Re: Index of Handler
Re: Index of Handler
- Subject: Re: Index of Handler
- From: email@hidden
- Date: Thu, 12 Jul 2001 11:21:56 -0400
On Wed, 11 Jul 2001 10:25:59 -0700, List Guy <email@hidden> asked,
>
I'd appreciate someone telling me if my supposition about
>
>
on IndexOf(lst, itm)
>
set x to 1
>
tell no & lst to if {itm} is in it then repeat until item x = itm
>
set x to x + 1
>
end repeat
>
x - 1
>
end IndexOf
>
>
is correct:
>
>
"no", the applescript constant for use with the close command, is used here
>
to substitute for a longer block of code for when itm isn't in lst. I tried
>
"yes", "all caps" and other constants and all worked. That is, "no" is used
>
because the indexOf handler assumes that itm will never be the applescript
>
constant "no".
This works, and your reasoning is correct as to why it works. However, you are
making things more complicated than they need to be. I'd prefer the much more
straightforward approach.
on IndexOf(lst, itm)
if itm is not in lst then return 0
set x to 1
repeat until item x of lst = itm
set x to x + 1
end repeat
return x
end IndexOf
This way its clearer that 0 is returned if the item isn't found, and you can
easily change what you return if the item isn't in the list.

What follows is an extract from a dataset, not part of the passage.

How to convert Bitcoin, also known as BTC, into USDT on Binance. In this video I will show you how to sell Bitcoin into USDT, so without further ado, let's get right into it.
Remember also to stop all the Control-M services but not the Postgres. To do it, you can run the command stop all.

Your original approach is similar to the use of a "sentinel", which is a way to
speed up the comparisons that are part of a search through an array. In this
particular application, you can stick what you are searching for at the end of
the list, and then not have to test for whether your index has gone past the end
of the array. You could write your handler like this:
on IndexOf(lst, itm)
set end of lst to itm
set x to 1
repeat
if item x of lst is itm then return x
set x to x + 1
end repeat
end IndexOf
By having the sentinel in place, you don't need to first check, "itm is in lst"

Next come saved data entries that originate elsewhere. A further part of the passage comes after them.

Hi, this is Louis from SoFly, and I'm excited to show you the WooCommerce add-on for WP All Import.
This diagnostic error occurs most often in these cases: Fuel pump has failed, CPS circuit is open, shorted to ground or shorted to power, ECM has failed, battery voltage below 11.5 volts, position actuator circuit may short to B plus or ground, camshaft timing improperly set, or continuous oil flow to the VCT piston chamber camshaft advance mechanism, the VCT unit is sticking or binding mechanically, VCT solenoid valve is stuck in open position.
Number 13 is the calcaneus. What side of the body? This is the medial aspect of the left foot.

Now, this approach has the drawback of returning "N+1" as the "not found" value
when searching a list of length N. But it may be faster, since it doesn't have
to test whether itm is in lst initially. "itm is not in lst" will take time
proportional to the length of the list, so it may take a lot of time on a long
list. But "set the end of lst to itm" may also have to walk the length of the
list, so the time tradeoff may be a wash. So formally, the first handler takes
a*N+b*N time, and the second takes c*N+d*N time, and a,b,c, and d may differ by
a factor 100. (Generally, a single statement in AppleScript is faster than a
repeat loop doing the same work, unless the single statement is a call to a
Scripting Addition.)
If I were writing this handler, I'd try the first one, and only if it then
proves to be not fast enough, try the second. Also, if speed is an issue, you
should pay attention to the particular setup of the data. You may be able to
guarantee that the item is always in the list, and avoid the "item not found"

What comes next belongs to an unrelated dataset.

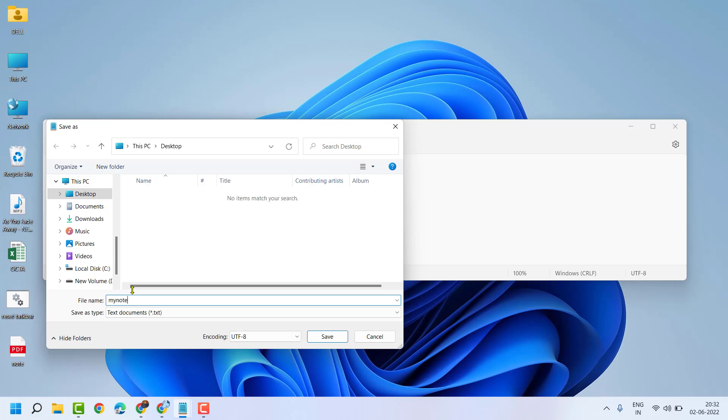Make sure to type in the last dot HTML. So in the last you have to type dot HTML, then click on Save.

case entirely. Or the item may only rarely not be in the list, and you could
trap that as an error condition:
on IndexOf(lst, itm)
set x to 1
try
repeat
if item x of lst is itm then return x
set x to x + 1
end repeat
on error -1728 -- "Can't get item x of lst"
return missing value
end try
end IndexOf
This method actually may be the fastest of all, since AppleScript is already
doing the work of checking that the index is in-bounds within the list.
Invoking the error may take a lot of time, though, so you need to consider
whether the item will be missing from the list frequently, or infrequently.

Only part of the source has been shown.